明治の骨太の日本人、インド独立の志士ラス、ビバリー、ボースを支援した中村屋、近代中国の国父孫文を支援した松本楼
五・一五事件で成年将校の襲撃で倒れた犬養毅総理の偉大なる業績を偲んで、ゆかりの人達が集まり犬養木堂会を結成、毎年5月15日に追悼会をもっていらっしゃいます。既に88年続いています。世話人代表が私の友人であり、木堂会々報に400~500字の小文を書くよう依頼されました。犬養木堂翁の業績は広く知られているので、同時代に生きた市井の方二人のことを書くことにいたしました。
以下拙文です。
【明治の骨太の日本人。ボースを支援した相馬愛蔵、黒光。孫文を支援した梅屋庄吉】
木堂犬養毅先生は安政2年1855年に生をうけ明治・大正・昭和の大動乱期に言論人、議会人、内閣総理大臣として国家の柱石をなした英傑です。同時に犬養先生のような骨太の方々が社会の要所要所に日本の近代化を推し進めていたのです。改めて振り返りたいと思います。

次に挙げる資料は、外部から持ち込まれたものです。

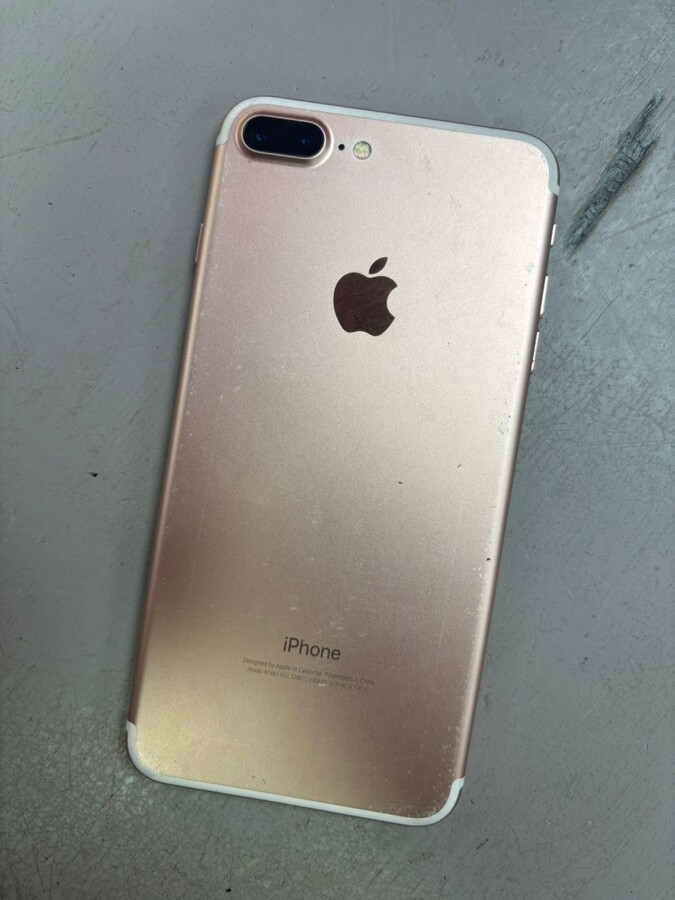 Смартфон iPhone 7+ 128Gb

明治という時代は、270年続いた江戸幕藩体制を根底から改革し、日本が近代国家として世界史の中にデビューした超ダイナミックな時代です。王政復古、大政奉還、版籍奉還、廃藩置県、秩禄処分、四民平等、戸籍制度、地租改正、貨幣制度と国立銀行、警察と軍隊の整備、通信、郵便、電信、鉄道、国民皆教育制度、殖産興業、大日本帝国憲法発布、国会開設。幕末から維新へ、明治政府の発足後の諸制度の整備までわずか30~40年の間に次々と近代国家の骨組みをつくりあげました。
更にアジアに目を向け明治のダイナミズムを象徴する日本人がいました。インド独立運動志士のひとりラス・ビハリー・ボースを英国の追求から守った相馬愛蔵、黒光夫妻と愛娘俊子さんの活躍です。新宿中村屋の創始者として活躍した相馬夫妻はビハリーボースさんを匿い、愛娘俊子さんはビハリーボースさんと結婚しています。また同時代の実業家梅屋庄吉さんは、近代中国建国の父、孫文を支え、実業で得た資金を惜しみなく孫文の革命資金として提供したと言われています。日比谷の松本楼に梅屋さんの活躍の一端が紹介されています。二人は明治政府の高官でもなく官営製鉄所や銀行など重要な産業を興した立役者でもありません。どちらかというと市井の実業家ですがアジア各国の独立に目を向けて、革命家たちに具体的支援を続けたことが、明治の持つダイナミズムの象徴ではないかと思います。
中国とインドが現世界を動かすメインプレイヤーに成長した現在、100年近く前に力を尽くした骨太の日本人の存在を誇りに思います。